Chapter 7 Inverse Probability of Treatment Weighting (IPTW)
7.1 Estimation of the Average total effect
7.1.1 IPTW for the ATE
If the average total effect (ATE) is identifiable, \(\Psi_{ATE} = \mathbb{E}(Y_{A=1}) - \mathbb{E}(Y_{A=0})\) can be expressed using Inverse probability of treatment weighting (IPTW), denoting \(\mathbb{P}(A=a \mid L(0)) = g(A=a \mid L(0))\): \[\begin{equation} \Psi_{ATE} = \mathbb{E}\left( \frac{\mathbb{I}(A=1)}{g(A=1 \mid L(0))} Y \right) - \mathbb{E}\left( \frac{\mathbb{I}(A=0)}{g(A=0 \mid L(0))} Y \right) \end{equation}\]
The following steps describe the implementation of the IPTW estimator
Estimate the treatment mechanism \(g(A=1 \mid L(0))\)
Predict each individual’s probability of being exposed to her own exposure
Apply weights corresponding to the inverse of the predicted probability \(w_i = \frac{1}{\hat{g}(A = a_i \mid L(0)_i)}\)

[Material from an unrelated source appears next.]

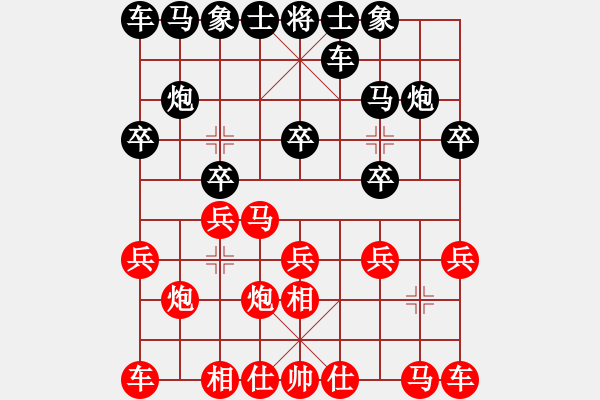 象棋棋譜圖片：mastre(3段)-負(fù)-dejbgyxbaz(2段)異常精彩殺局?。。?！ - 步數(shù)：10 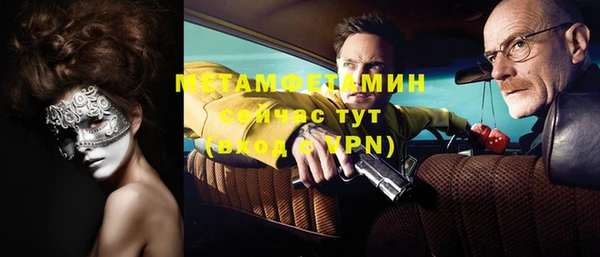 мяу мяу мука Бронницы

Use the empirical mean of the weighted outcome \(Y\): \(\hat{\mathbb{E}}(Y_a) = \frac{1}{n} \sum_{i=1}^n \frac{\mathbb{I}(A_i=a)}{\hat{g}(A=a_i \mid L(0)_i)} Y_i\)
rm(list=ls())
df2_int <- read.csv(file = "data/df2_int.csv")
## 1. Estimate g
g.L <- glm(A0_PM2.5 ~ L0_male + L0_soc_env,
family = "binomial", data = df2_int)
## 2. Predict each individual's probability of being exposed to her own exposure
# predict the probabilities P(A0_PM2.5=1|L(0)) & P(A0_PM2.5=0|L(0))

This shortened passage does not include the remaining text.